Tuesday, May 01, 2007

Global church attendance trends: In the last post, I looked at trends in global church attendance over two time periods--1981 and 2001. The problem with the analysis is that two samples included different countries, and it might be that the 2001 sample included more of the developing world which tends to be more religious. I'm very busy right now, but I will update this post with additional countries, as I find the time.

My first choice of countries is China since it is the largest. It was surveyed in 1990 and 2001. The percent never attending religious services declined from 94.1% to 89.6%. The largest growth was in the more frequent attendance categories. Of course the numbers are still low, but hey, this is China.

India: Attendance in India is down bigtime over the same period.
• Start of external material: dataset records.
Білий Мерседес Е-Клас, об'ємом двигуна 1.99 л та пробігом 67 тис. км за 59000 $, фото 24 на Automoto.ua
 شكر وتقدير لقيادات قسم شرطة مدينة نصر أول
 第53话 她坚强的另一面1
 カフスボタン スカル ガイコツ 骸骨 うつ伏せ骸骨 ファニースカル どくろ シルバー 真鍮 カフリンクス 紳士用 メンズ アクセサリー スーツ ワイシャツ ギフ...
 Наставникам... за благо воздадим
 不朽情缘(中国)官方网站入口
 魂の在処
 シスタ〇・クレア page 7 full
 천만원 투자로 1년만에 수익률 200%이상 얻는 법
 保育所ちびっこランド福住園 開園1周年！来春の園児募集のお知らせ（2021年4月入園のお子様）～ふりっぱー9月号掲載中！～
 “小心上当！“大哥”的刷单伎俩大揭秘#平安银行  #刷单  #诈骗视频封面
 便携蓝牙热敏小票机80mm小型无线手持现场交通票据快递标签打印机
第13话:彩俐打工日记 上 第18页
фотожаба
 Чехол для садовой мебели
The biggest drop was among those going more than once a week from 29.4% to 15.3%. Almost everyone goes, but not so often.

USA: America remain unchanged between 1982 and 1999.

Nigeria: Between 1990 and 2000, the biggest change is more people going more than once a week: from 55.5% to 63.7%. Now that's religious.

Russia: During the 90s, the trend was for those who go never or rarely to begin to go for Christmas and Easter and other holy days: this category rose from 7.9% to 22.6%.

Mexico: From 1990 to 2000, the percent attending weekly went from 31.6% to 42.5%.

1 comment:

  1. Jeff: When I say "church", I mean any sort of religious attendance. It bugs the hell out of me that we have to say church, mosque, temple, or synagogue to cover everybody.